Output, word for word, the line that contains "Beneficiary List for" and all lines after it in the records below, omitting pictures.

Image-text web data
=== Section Start ===
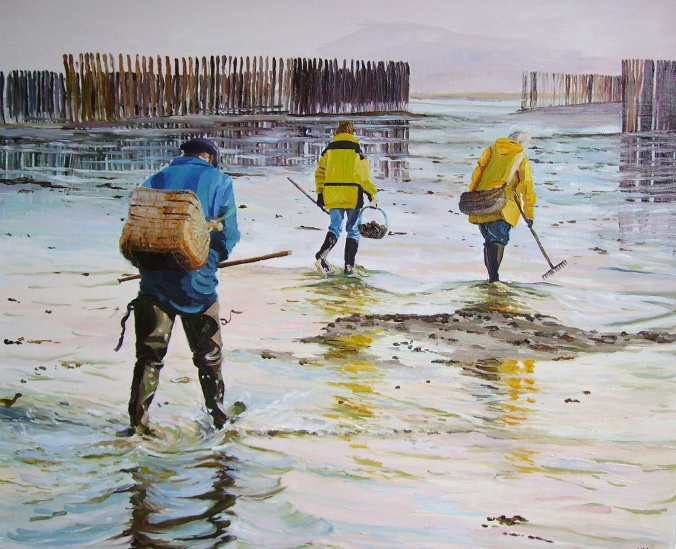 Tableau, peinture, Bretagne, le pêche à pied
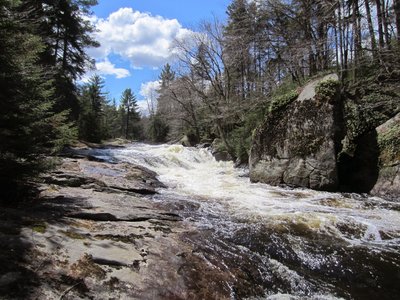 Fast spring water on the Round Lake outflow stream.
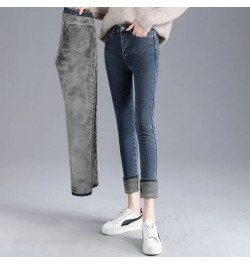 Winter Thicken Warm Pencil Jeans High Waist Stretch Skinny Denim Trousers Vintage Fleece Oversized Vaqueros Pantalones De Muj...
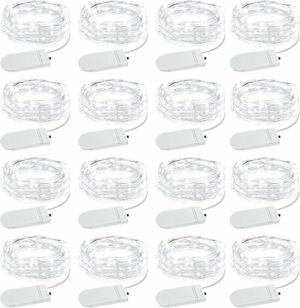 Olafus 16 Pack Fairy Lights Battery Operated, IP68 Waterproof Mini String Light, 7ft Small LED Bottle Light for Wedding Vase Centerpieces Table Decorations Christmas Indoor Party Jars Gift Cool White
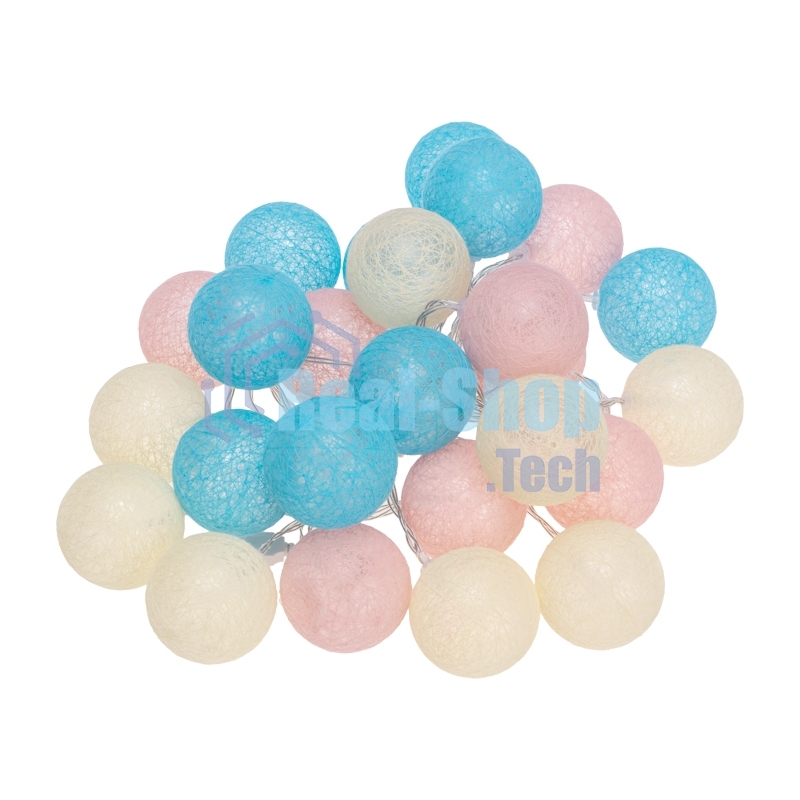 Тайские фонарики Neon-night Перламутр 5м, 25 LED, прозрачный ПВХ, цвет свечения теплый белый, питание USB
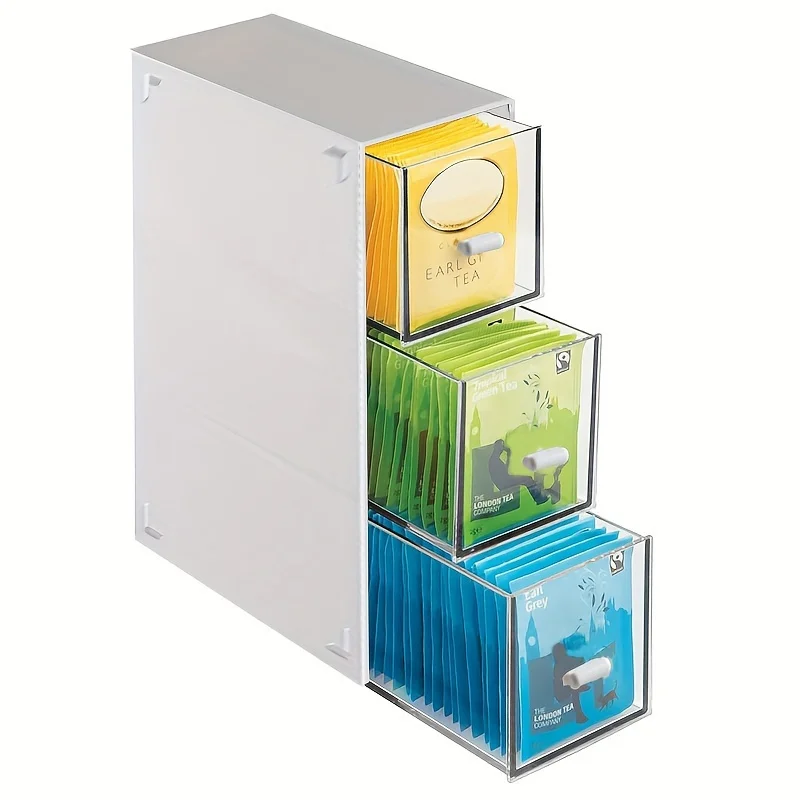 1pc, Plastic Tea Bag Storage Box, Multi-Purpose Kitchen Drawer Basket, Flexible Vertical Or Horizontal Use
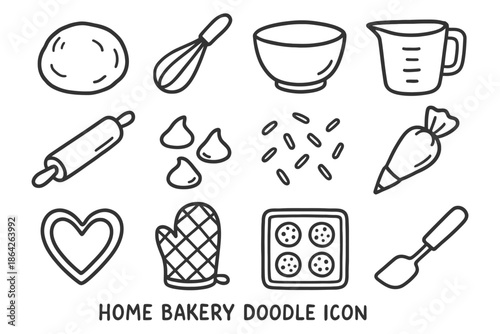 Hand-drawn bakery tools and ingredients icons illustration.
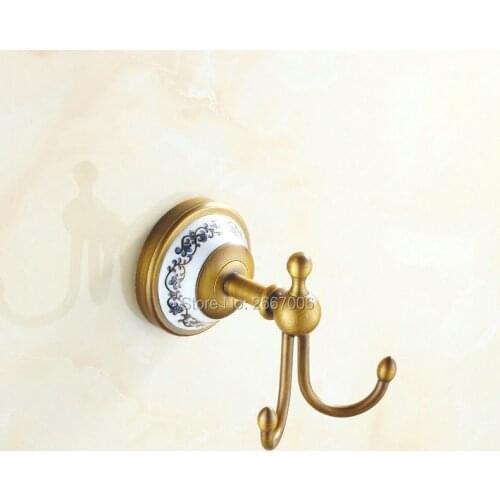 Free shipping Best selling Wall Mount Retro Antique Bronze Ceramic Bathroom accessories Robe Hook Clothes Hook Towel Hook ZR2102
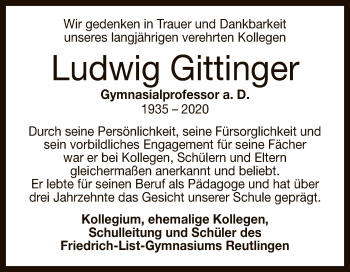 Anzeige von Ludwig Gittinger von Reutlinger General-Anzeiger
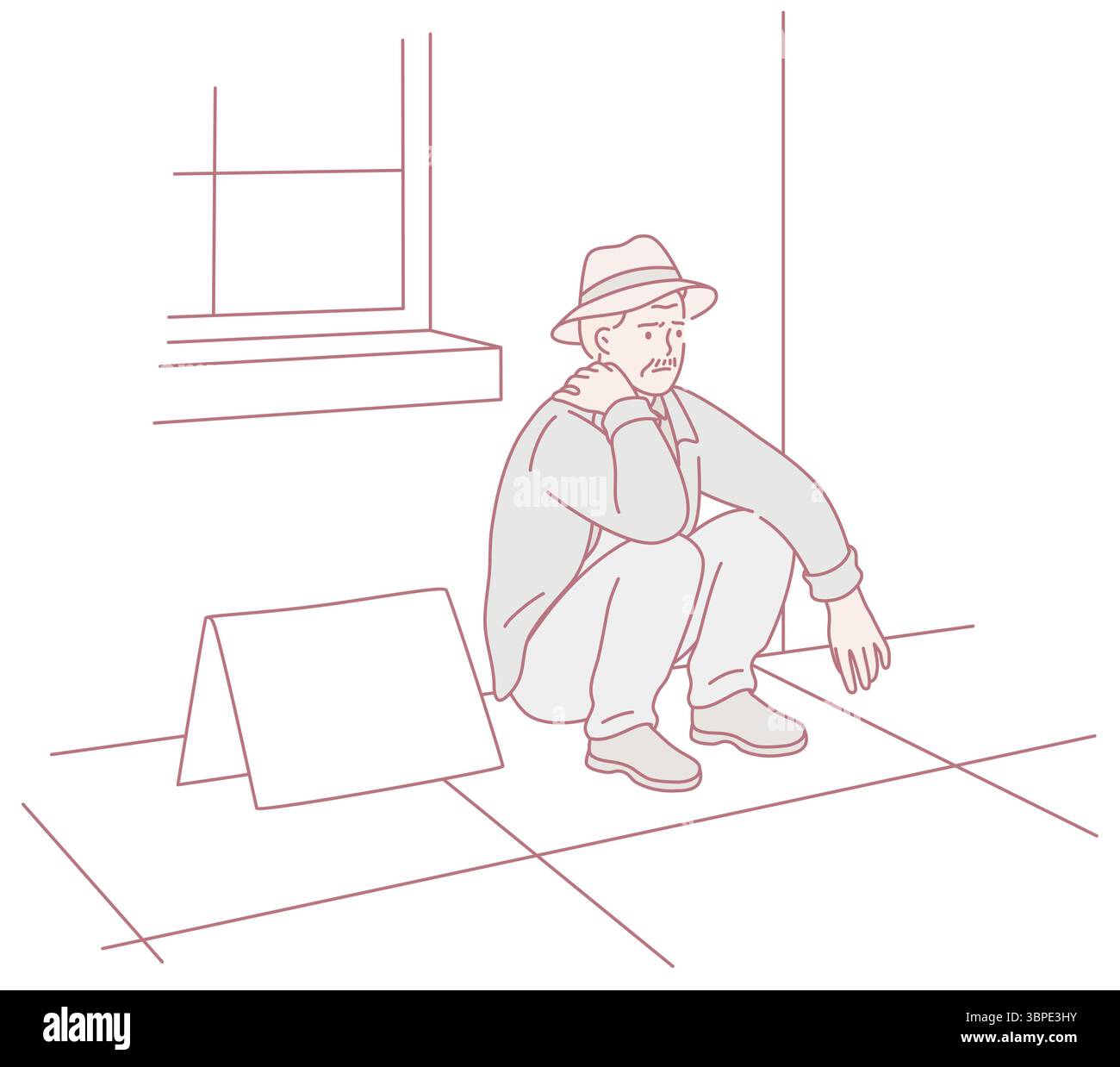 An evocative illustration shows a pensive man squatting by a window ...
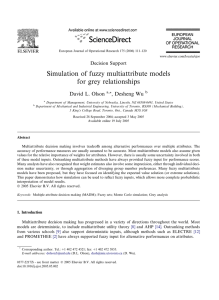 Simulation of fuzzy multiattribute models for grey relationships David L. Olson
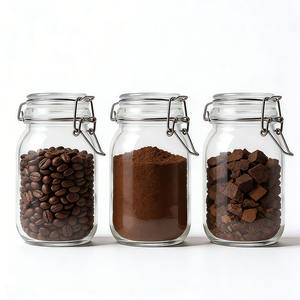 Expédition rapide, pots en verre de haute qualité au design moderne <span class=keywords><strong>pour</strong></span> le stockage des aliments, 360 ml, logo personnalisé, ouverture large, petits pots en verre <span class=keywords><strong>pour</strong></span> bonbons, miel, avec couvercles à clip - Product Image 1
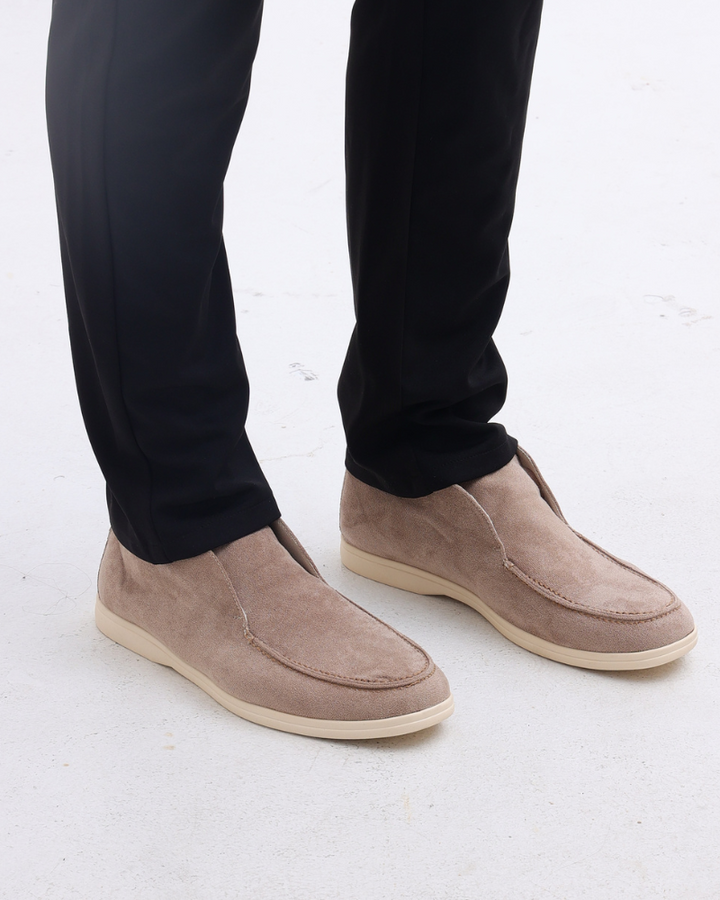 Herrarnas Mocka Slip-On Loafers Medelklipp Kontrast Sula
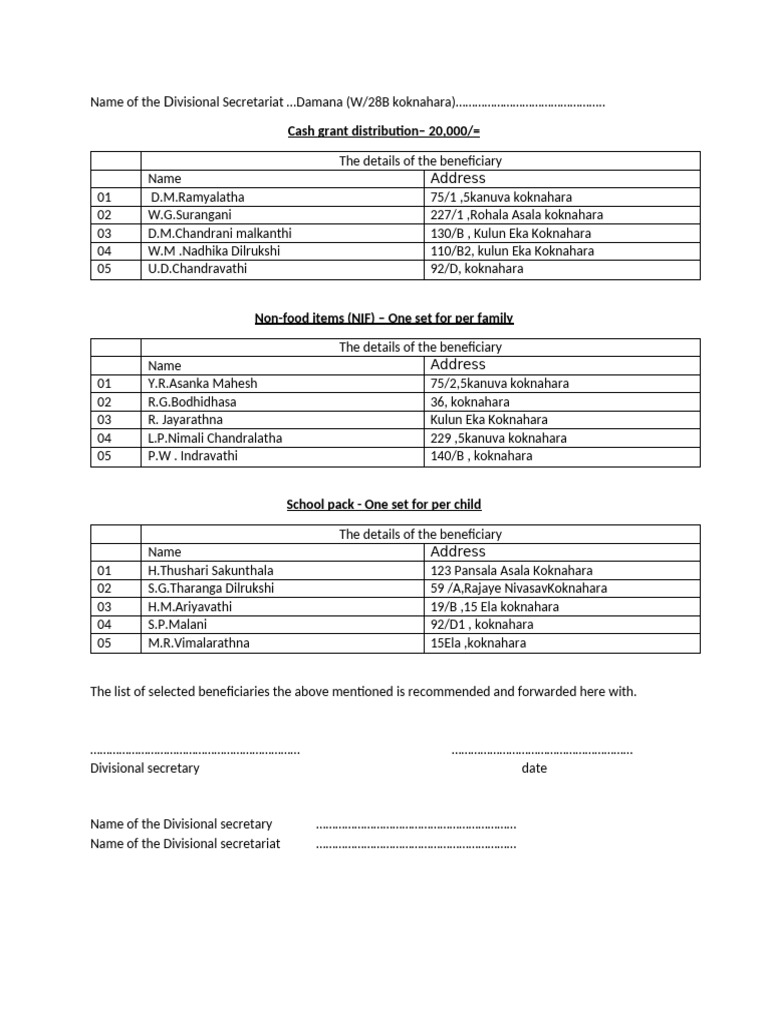 Beneficiary List for Cash Grants and Supplies | PDF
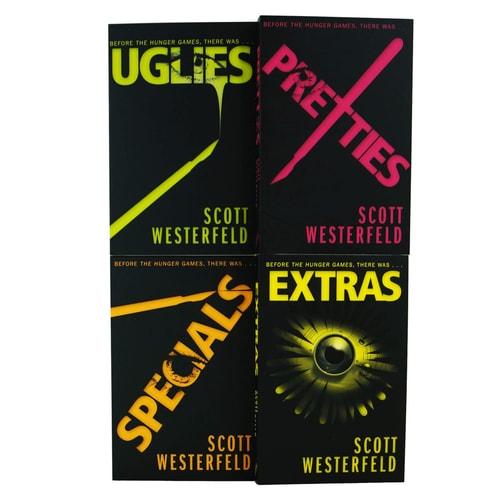 Four book covers by Scott Westerfeld titled 'Uglies', 'Pretties', 'Extras', and 'Specials' on a white background.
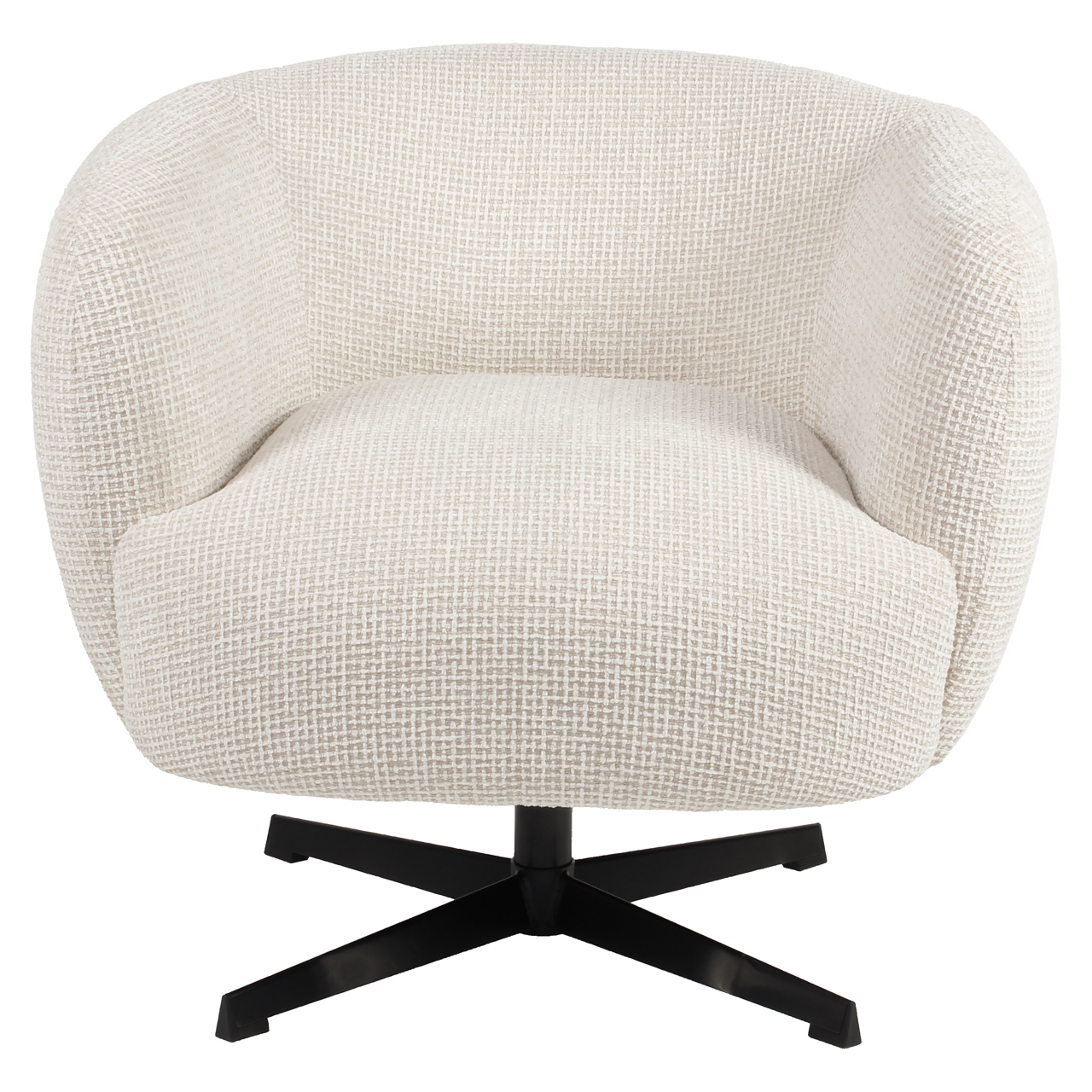 Lounge stoel Estelle beige blockweave swivel - Afbeelding 5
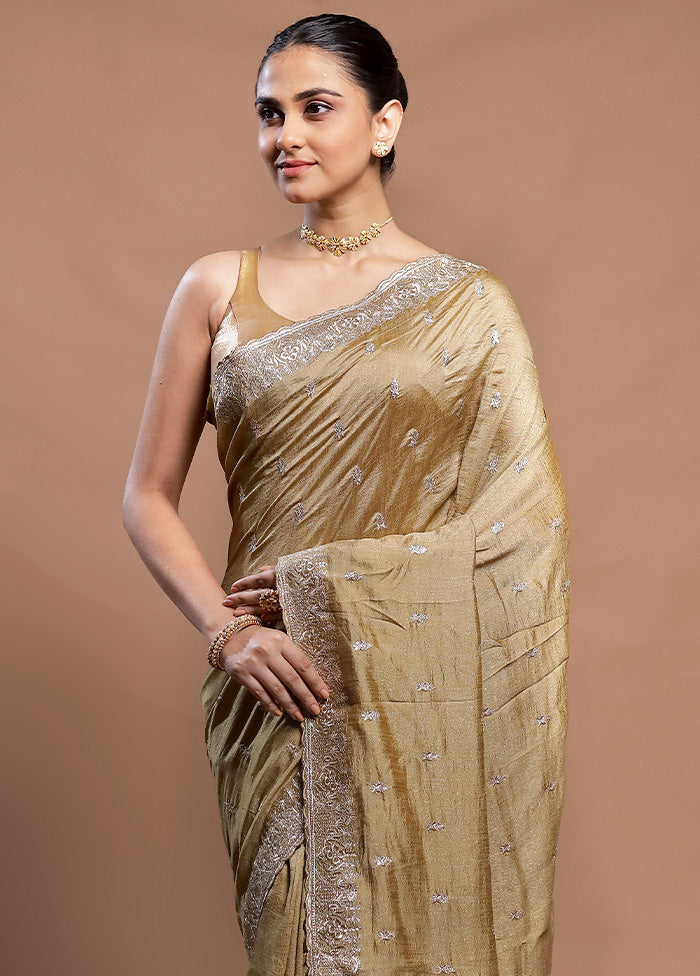 Golden Tussar Silk Saree With Blouse Piece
=== Section End ===
### Task output
 Beneficiary List for Cash Grants and Supplies | PDF
 Four book covers by Scott Westerfeld titled 'Uglies', 'Pretties', 'Extras', and 'Specials' on a white background.
 Lounge stoel Estelle beige blockweave swivel - Afbeelding 5
 Golden Tussar Silk Saree With Blouse Piece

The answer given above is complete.